Most of my range of emotions came from being a witness to something so culturally beautiful and unique. The ceremony took place at the bride’s home and went longer than four hours. There were probably 400 people there… mostly family. Which brings me to the first emotion, sadness… Who was missing?? How many more could have been present if the genocide had not taken place? The muzee of each family faced each other in a kind of stand off. They are the representatives of their families. They speak for their best interests. I felt surprised at my reaction, shame. We lack that kind of respect in America… where we actually believe in our elders. Now I want to share some of the dialogue between the two families… the groom was on one side and the bride was interestingly missing (Please note that this is all IMPROV talking between the two families!)

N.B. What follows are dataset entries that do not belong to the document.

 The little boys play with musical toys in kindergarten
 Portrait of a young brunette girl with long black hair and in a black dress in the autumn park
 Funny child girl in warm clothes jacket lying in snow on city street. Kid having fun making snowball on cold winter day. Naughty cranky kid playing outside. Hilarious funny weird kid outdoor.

“Our families have been friends for a long time, you are welcome here.” (Brides Muzee)

“Thank you friends.” (Grooms Muzee)

“Why are you here?” (B)

“Have you heard that our son Pudence has finished school? He met your Celine and wants to marry her.” (G)

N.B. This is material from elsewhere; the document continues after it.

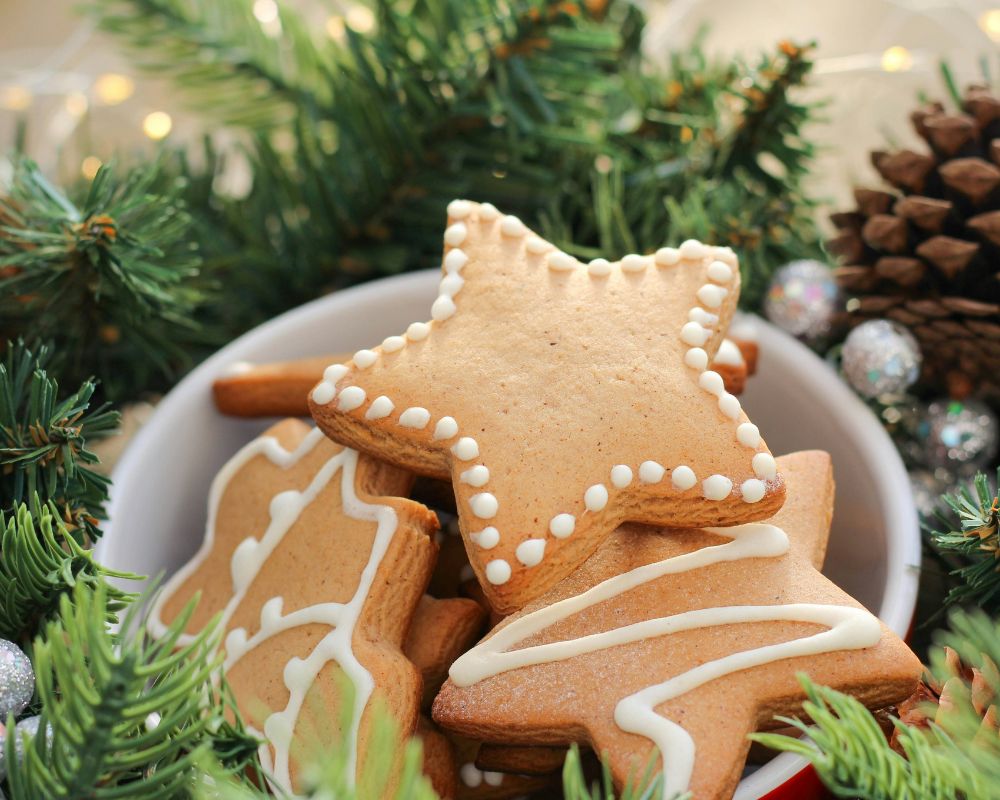 dei biscottini di natale a forma di omino e stelle, decorati e pronti per essere appesi all'albero di natale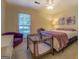 Bright bedroom with a plush purple chair, comfortable queen bed, and ceiling fan at 2340 Rolling Acres Sw Dr, Conyers, GA 30094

“Well, Celine heard that Jerusalem was not at peace, so she went to preach there and is not home… but we have many other beautiful girls to choose from.” (B)

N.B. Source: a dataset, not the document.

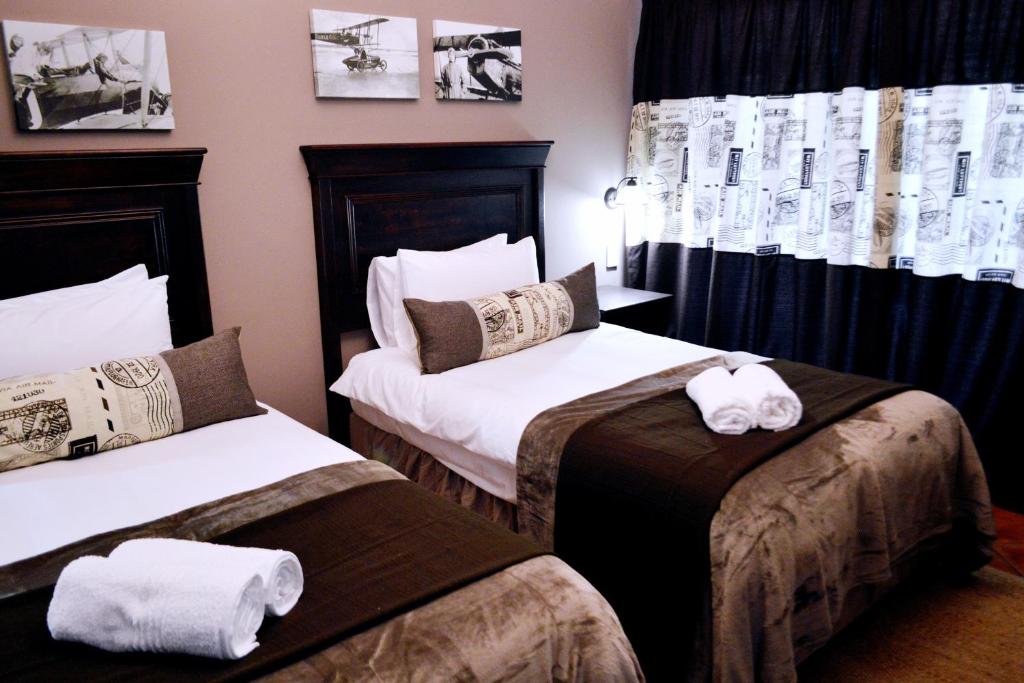 a hotel room with two beds with towels on them at Barnstormers Rest in Malelane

“Yes, you have many beautiful girls, but Pudence is only interested in Celine and he is a good Christian… so maybe if we pray she will come back in an hour or two.” (G)

“Well, maybe we should first ask if any of our families have any problems with yours? (B)

“We are all innocent… no one is at the Gacaca even now!” (G)

“We are all Christians and therefore can not be lying, so I must say that one of your Muzee was building a house next to our neighbor’s house and knocked it down!” (B)

“Oh yes, that is true… but it wasn’t very strong and so I built him a new strong one.” (G)

“Yes, but one of your muzee was an Ambassador for America and wouldn’t reissue a passport for Celine when she lost it!” (B)

“Oh, yes I did decline it at first because she only wanted a passport for Burundi and Uganda… so I told her to wait for a short while so she could have an international passport. And now she has it, because you see she has been in Jerusalem!” (G)

I won’t go on… but you can see how much fun it was for them to argue over giving permission for Pudence to take Celine as his wife. Then there was the issue of the cows (and how many cows Celine was worth). The groom still has to pay a dowry! They had to go “check on” the eight cows that they had brought to the house…. This too was a joke, in the village you bring actual cows, but in Kigali, you just bring MONEY!!! So once that was checked out by the Muzees in the back of the house, the bride miraculously appeared (home from Jerusalem!).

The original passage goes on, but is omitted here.